* _What is being asked_:
From the listing below, retype exactly the line holding "49Netcapitalformation1813628", the line holding "60Sharesandotherequity14243104-3377", and the lines between them; skip everything else.
# # # # #
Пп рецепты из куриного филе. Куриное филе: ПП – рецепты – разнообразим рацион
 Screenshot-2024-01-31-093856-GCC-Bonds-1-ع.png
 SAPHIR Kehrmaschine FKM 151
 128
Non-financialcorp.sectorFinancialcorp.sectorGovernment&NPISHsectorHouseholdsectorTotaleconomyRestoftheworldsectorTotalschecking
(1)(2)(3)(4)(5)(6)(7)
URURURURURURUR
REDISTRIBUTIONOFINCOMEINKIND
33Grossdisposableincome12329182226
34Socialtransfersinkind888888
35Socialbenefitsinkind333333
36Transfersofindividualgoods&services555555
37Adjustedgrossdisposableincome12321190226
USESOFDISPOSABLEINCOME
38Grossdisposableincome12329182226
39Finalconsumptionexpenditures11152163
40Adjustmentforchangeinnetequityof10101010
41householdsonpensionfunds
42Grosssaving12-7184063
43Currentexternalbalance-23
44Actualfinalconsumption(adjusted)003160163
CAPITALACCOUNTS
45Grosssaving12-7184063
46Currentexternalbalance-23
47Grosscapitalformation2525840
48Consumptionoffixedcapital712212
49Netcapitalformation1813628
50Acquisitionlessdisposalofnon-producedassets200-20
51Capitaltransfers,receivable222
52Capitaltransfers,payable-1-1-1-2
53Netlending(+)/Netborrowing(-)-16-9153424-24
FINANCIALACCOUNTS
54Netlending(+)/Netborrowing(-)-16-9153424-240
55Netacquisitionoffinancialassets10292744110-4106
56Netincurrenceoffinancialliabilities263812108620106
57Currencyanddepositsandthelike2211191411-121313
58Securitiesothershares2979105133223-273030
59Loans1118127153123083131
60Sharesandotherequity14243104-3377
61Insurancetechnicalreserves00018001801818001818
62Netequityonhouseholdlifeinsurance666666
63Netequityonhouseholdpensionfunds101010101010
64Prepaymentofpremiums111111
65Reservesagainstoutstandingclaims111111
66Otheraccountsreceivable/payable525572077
# # # # #
* _Expected output_:
49Netcapitalformation1813628
50Acquisitionlessdisposalofnon-producedassets200-20
51Capitaltransfers,receivable222
52Capitaltransfers,payable-1-1-1-2
53Netlending(+)/Netborrowing(-)-16-9153424-24
FINANCIALACCOUNTS
54Netlending(+)/Netborrowing(-)-16-9153424-240
55Netacquisitionoffinancialassets10292744110-4106
56Netincurrenceoffinancialliabilities263812108620106
57Currencyanddepositsandthelike2211191411-121313
58Securitiesothershares2979105133223-273030
59Loans1118127153123083131
60Sharesandotherequity14243104-3377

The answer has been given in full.